Like most major metro Atlanta school districts, the Fulton County Schools plans to start the year virtually. But the district hopes to bring students back into schools after Labor Day if coronavirus cases decrease significantly by then. At a school board meeting last week, Fulton Superintendent Mike Looney presented a four-phased plan where students would gradually return to face-to-face instruction.
“[The plan] allows us to turn school back on in a deliberate way to maximize safety of students and staff members so that we can react to the data that comes before us,” Looney said. “All we can really do is respond to the environment that we’ve been given.”
The first phase of the plan, scheduled to begin Sept. 8, would have some students returning to schools for brief periods of time each week. For example, Looney said, young children would have in-person instruction once a week.

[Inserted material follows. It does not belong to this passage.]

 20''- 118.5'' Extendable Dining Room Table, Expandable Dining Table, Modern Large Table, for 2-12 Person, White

“We would schedule a…session for every student in Pre-K through 2 to come into the school building and meet with their teacher one day a week for 90 minutes,” he said.

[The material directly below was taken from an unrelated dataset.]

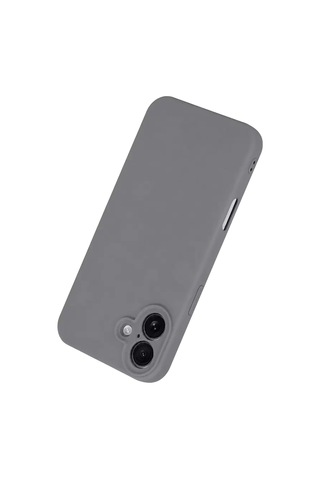 Apple iPhone Uyumlu Uyumlu 16 Plus Kılıf First Silikon - Gri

Schools will eventually work up to the fourth phase, where students attend school in person twice a week. Looney says schools won’t fully resume face-to-face instruction until Fulton County reaches less than 100 cases of Covid-19 per 100,000 people.
Students don’t have to participate in face-to-face instruction during the four phases. They can opt for remote learning instead.
As teachers and students begin the year remotely, district officials said online instruction will be different than it was last spring. Then, schools had to shift gears quickly, moving from in-person classes to remote instruction in a few days. But this fall, Fulton County teachers will be expected to report to their schools to conduct virtual learning.
“Learning is a social experience,” said Fulton County Schools Chief Academic Officer Clifford Jones. “To see and interact with people is necessary for it to stick. Live, daily instruction is needed and will occur.”
Gwinnett County is also requiring teachers to report to their schools to conduct remote instruction. More than 1,500 people have signed a petition asking the district to let teachers work remotely.
Parents have protested and signed petitions in Cobb and Gwinnett after both districts decided to begin the year entirely online this year.